Homes of the future could be equipped with solar curtains and flexible tiles capable of capturing and converting not just sunlight, but also indoor lighting into usable levels of electricity.
It’s a goal scientists from the USA’s Virginia Tech University believe they are close to making a reality.
They’ve used screen printing technology to produce flexible palm-sized solar modules less than half-a-millimetre thick that demonstrate power that could rival their rigid silicon counterparts.
The modules were created by depositing a film of titanium oxide as part of a five-layer cell structure to create a single lightweight and flexible dye-sensitised solar tile. Individually, each tile can produce around 75 milliwatts of power – but they can also be connected in a series, meaning a panel of tiles the size of an A4 sheet of paper could easily charge a typical smartphone.
“There are several elements that make the technology very appealing,” said Shashank Priya, the Robert E. Hord Jr. Professor of Mechanical Engineering at VTU.
“First, it can be manufactured easily at low temperature, so the equipment to fabricate the panels is relatively inexpensive and easy to operate. Second, the scalability of being able to create the panels in sheet rolls means you could wallpaper your home in these panels to run everything from your alarm system, to recharging your devices, to powering your LED lights.”

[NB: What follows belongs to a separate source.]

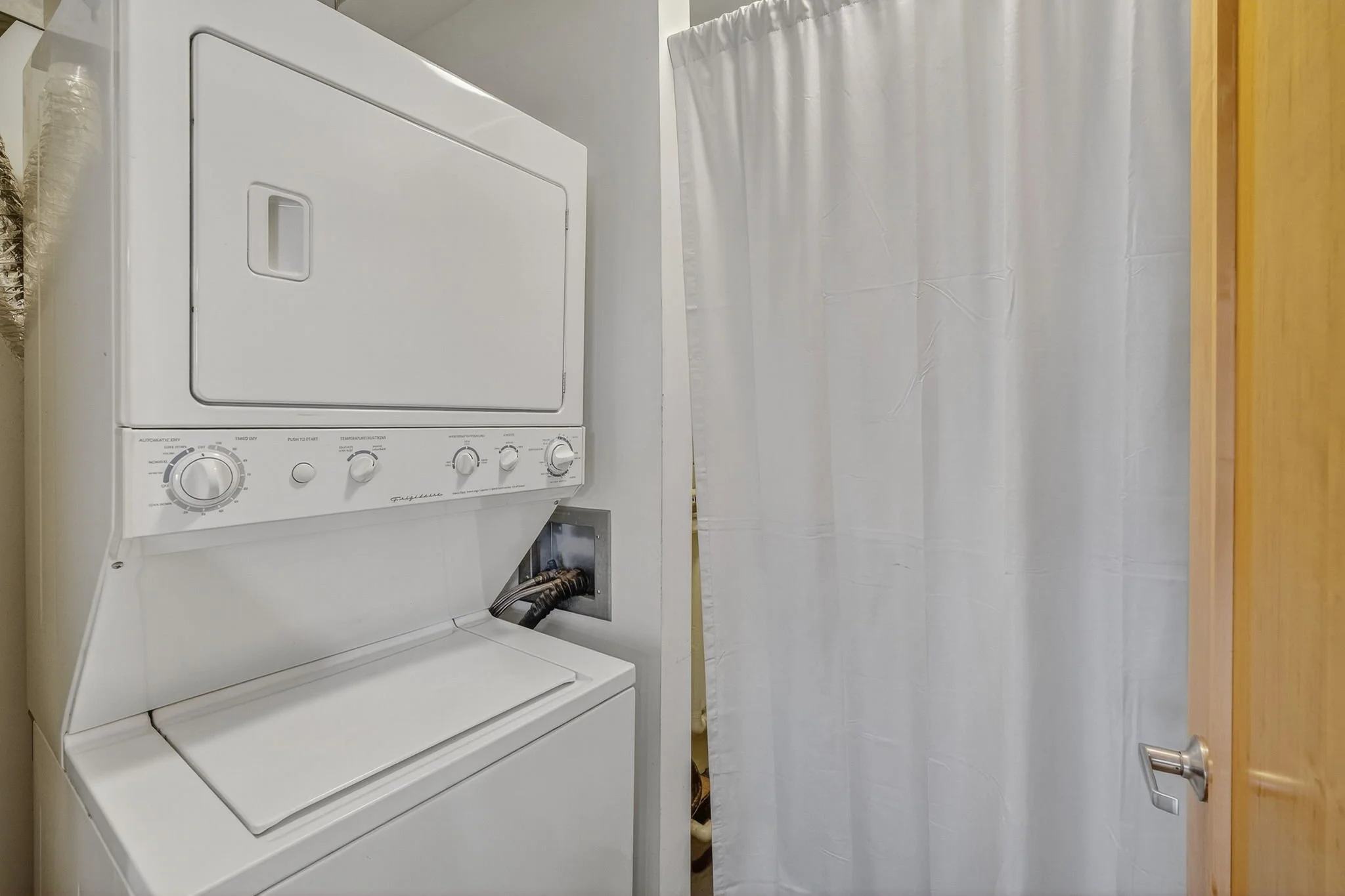 Hello Neighbor - Kirkwood - Ellis - 11.jpg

Unlike the silicon solar cells used in conventional solar arrays that only work with sunlight, the layered configuration of the dye-sensitised solar tile allows it to also capture diffuse light from sources such as LED, incandescent and fluorescent bulbs; at efficiencies approaching that of heavy amorphous silicon cells.

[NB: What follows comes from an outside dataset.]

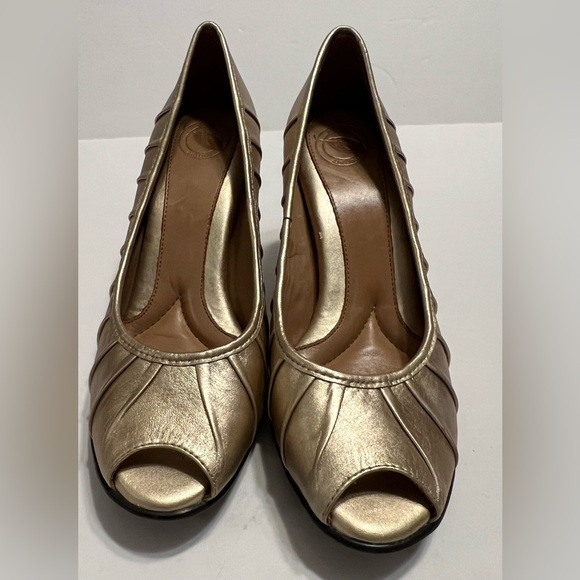 Nurture Women’s Size 7.5m Gold Peep Toe 3inch Heels - Picture 2 of 14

At a large panel level the tiles have yet to reach the efficiencies of solid-state silicon. But Priya maintains that with more research, it is likely the new flexible panels will overtake their rigid cousins soon.
“Amorphous silicon is a fairly mature technology running at about 13-15 percent efficiency,” he said. “Our panels right now operate around 10 percent at the panel size. At smaller, less-useful sizes, the efficiency increases, and so we can see a potential for much greater energy collection efficiencies.”
In a paper to be published in the December issue of the journal Solar Energy Materials and Solar Cells, the team describe how these flexible panels could manufactured in any design, from curtains and tiles to solar charging plates in military uniforms and backpacks. The latter are areas Priya’s lab is actively pursuing in conjunction with the U.S. Army’s Communications-Electronics Research, Development and Engineering Centre.